Well, Llywydd, I'm very glad to put on record the appreciation of the Welsh Government for all those who work at the front line of our health services under the unremitting pressures that have been there, not just over the winter, but as Angela Burns said, over many months before that. There is a lot that other people can learn from the Cwm Taf experience of handover of people from ambulances into hospitals and that's why we have a national approach to the development of ambulance services.

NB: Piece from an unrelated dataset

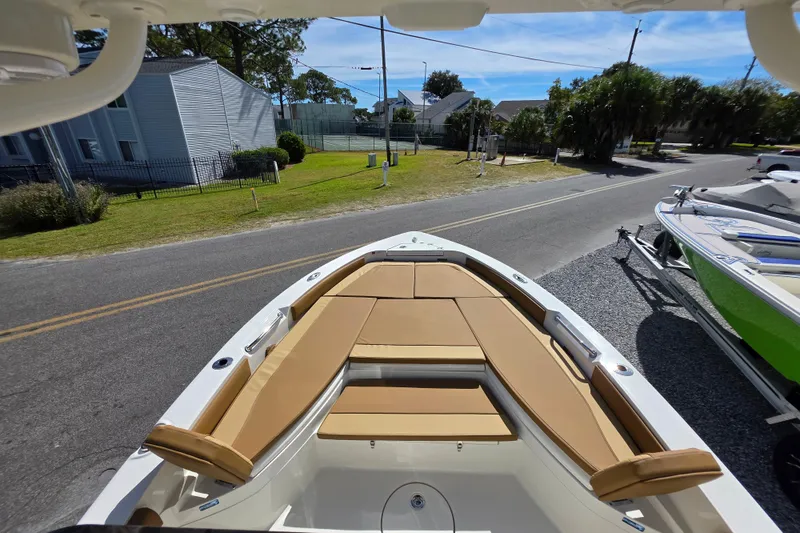 Slide: The Image of Open storage compartment on 2026 Ranger 2660 Bay boat, featuring organized interior shelves. - 21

Mick Antoniw is right, of course, to point to the pressures that are there in our social services, as well as the health service. I mentioned in my answer to Angela Burns that there are 400 bed or bed-equivalent services being produced over this winter in addition to the normal services. About 160 of those are actually in social care, providing places where people can be safely looked after in the community, either rapidly discharged from hospital or preventing admission in the first place.

But, as I've also said previously on the floor of the Assembly, what local authorities are facing, in some ways, is a consequence of the success that they have achieved in reducing the need for residential care here in Wales. I remember reading predictions at the start of devolution that told us there would be thousands more elderly people in residential care in Wales by today and that we needed to start preparing for that. In fact, what local authorities have done is to strengthen community services so that that explosion in the need for residential care hasn't happened.

But when you are looking after more people—more fragile people, people with higher levels of need and greater intensity of service in the community—then the challenge of keeping those people well, keeping them active, returning them to their homes when they have an acute episode of care, is a genuine challenge. Of course we track it; of course we talk through the regional partnership boards and with our colleagues, and we will learn the lessons from this winter, as we begin planning—as we soon will—for the winter of next year.